# Ladies for Christmas



## rob (Dec 10, 2013)

Ladies, what would be a great gift for Christmas from a love one, excluding wine stuff.


----------



## Runningwolf (Dec 11, 2013)

Rob I'm not a lady but, if your wife reads the kindle fire is awesome an people can't put them down they like them so much.


----------



## the_rayway (Dec 11, 2013)

A few things that have gone over well (depending on what she's in to):
1) Massage or spa treatment
2) Art supplies (canvas, paints, watercolour pencils, etc.), or other crafting stuff
3) Music: mp3's, cd's, sheet music for an instrument
4) Photo shoot for a beauty shot
5) That thing she's been eyeing and sighing over for the last couple of months

Hope that helps!


----------



## JohnT (Dec 11, 2013)

Boy, did I get the wrong idea when I read the topic of this thread(LOL). 

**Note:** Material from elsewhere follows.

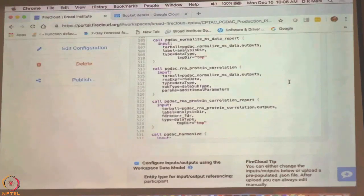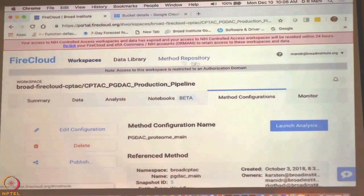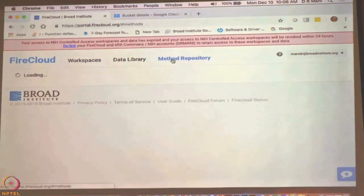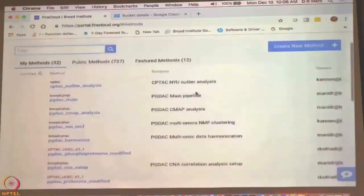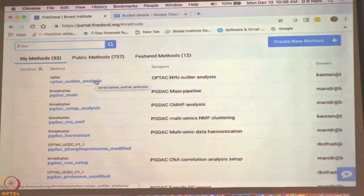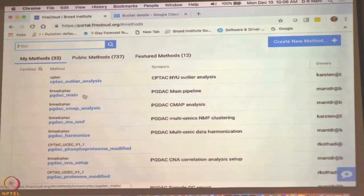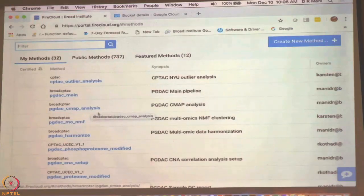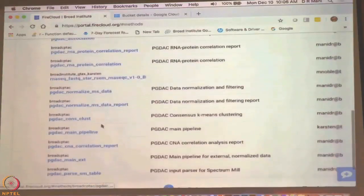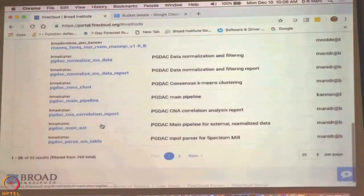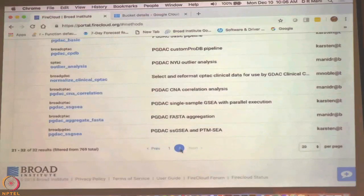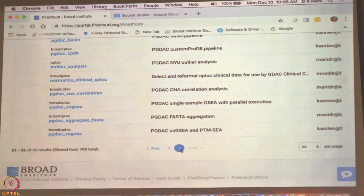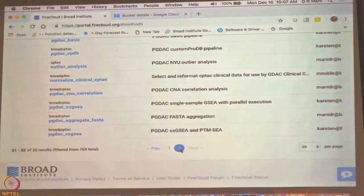The method repository has all the methods that we have generated available — all the pipelines and workflows. There is outlier analysis from David Fenio and Kelly Ruggles' lab available here. There is also the main pipeline, the connectivity map analysis that was reported in the paper, and many others. I think Karsten's PTM SSGSEA is also somewhere here. All the methods are here and you can use any of them. When you create your workspace, you can import any methods you want, put your data there, and apply the methods to that data.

Very good question. As it is, Me and the MRS play the "What do you want for Christmas" game starting at the end of September. 

As years go by, it gets harder and harder to get a gift for the mrs. I hate to blow good money on getting a gift just for the sake of getting her a gift. I have told her that unless she comes up with some suggestions, she should not expect much on Christmas morning. This went over like a lead balloon. 

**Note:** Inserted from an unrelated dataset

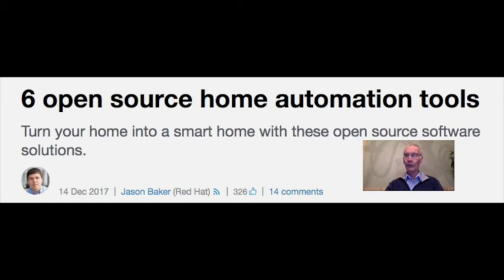Are you thinking about using an open-source home automation system? Or perhaps you already have one in place. What advice would you have for a newcomer to home automation, and what system or systems would you recommend?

On another thought, people always wonder why I HATE that Christmas song "all I want for Christmas is you". It is such a lie! just try this.. Get her nothing. Stick a bow on your head and say "here I am" on Christmas morning. See what happens! .. But I digress.....


----------



## Boatboy24 (Dec 11, 2013)

JohnT said:


> Boy, did I get the wrong idea when I read the topic of this thread(LOL).



Me too! I was thinking "how do you wrap them?".


----------



## Fabiola (Dec 11, 2013)

Advice to men: Please don't give us blenders, toaster ovens, etc., nothing to do with cooking or kitchen, we can pick those on our own, all we want for Christmas is to enjoy ourselves, so give your women something to relax, and enjoy, like Rayway suggested.... (same rule applies to mother's day)...


----------



## sour_grapes (Dec 11, 2013)

Boatboy24 said:


> Me too! I was thinking "how do you wrap them?".

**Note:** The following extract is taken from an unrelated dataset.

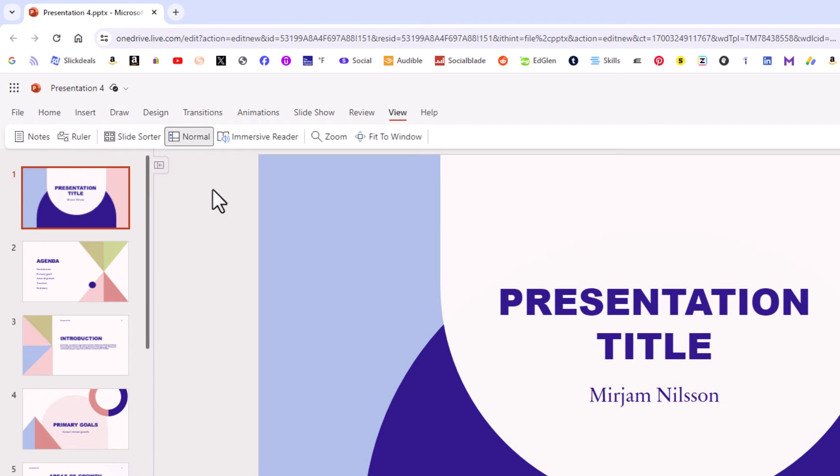And now as you can see, the ruler has disappeared from the upper part of my slide and from the left side of my slide.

"Binders full of women...." ?


----------



## Elmer (Dec 11, 2013)

I am lucky in that my wife tells me exactly what she wants.

Last year it was a kindle fire. (got one. She loved it, has read close to 30 books)

This year she wants a couple of necklaces, underwear and the kids got her feeted jammies!!!

There is never a harm in grabbing some gift cards to a women's clothing store, hair store.
Or the good old stand by is Yoga pants. 
Ever women needs a few pairs!


----------



## Boatboy24 (Dec 11, 2013)

My wife goes out and buys stuff for herself, then tells me not to get anything for her because she got her Christmas presents already. I honestly do think I'd get away with not putting anything under the tree after that, but I'm afraid to try it.


----------



## cmason1957 (Dec 11, 2013)

I must have the best wife in the world. Last year, she came home from work one day and I suggested that we get the most unromantic Christmas present ever, a new washer and dryer (every time we used the washer it came unbalanced and the dryer want getting clothes dry fast enough). I thought she was going to cry. 

This year, she suggested new appliances in the kitchen. Dummy me didn't jump at that.


----------



## Fabiola (Dec 11, 2013)

Boatboy24 said:


> My wife goes out and buys stuff for herself, then tells me not to get anything for her because she got her Christmas presents already. I honestly do think I'd get away with not putting anything under the tree after that, but I'm afraid to try it.



She sounds like me


----------



## GaDawg (Dec 11, 2013)

JohnT said:


> On another thought, people always wonder why I HATE that Christmas song "all I want for Christmas is you". It is such a lie! just try this.. Get her nothing. Stick a bow on your head and say "here I am" on Christmas morning. See what happens! .. But I digress.....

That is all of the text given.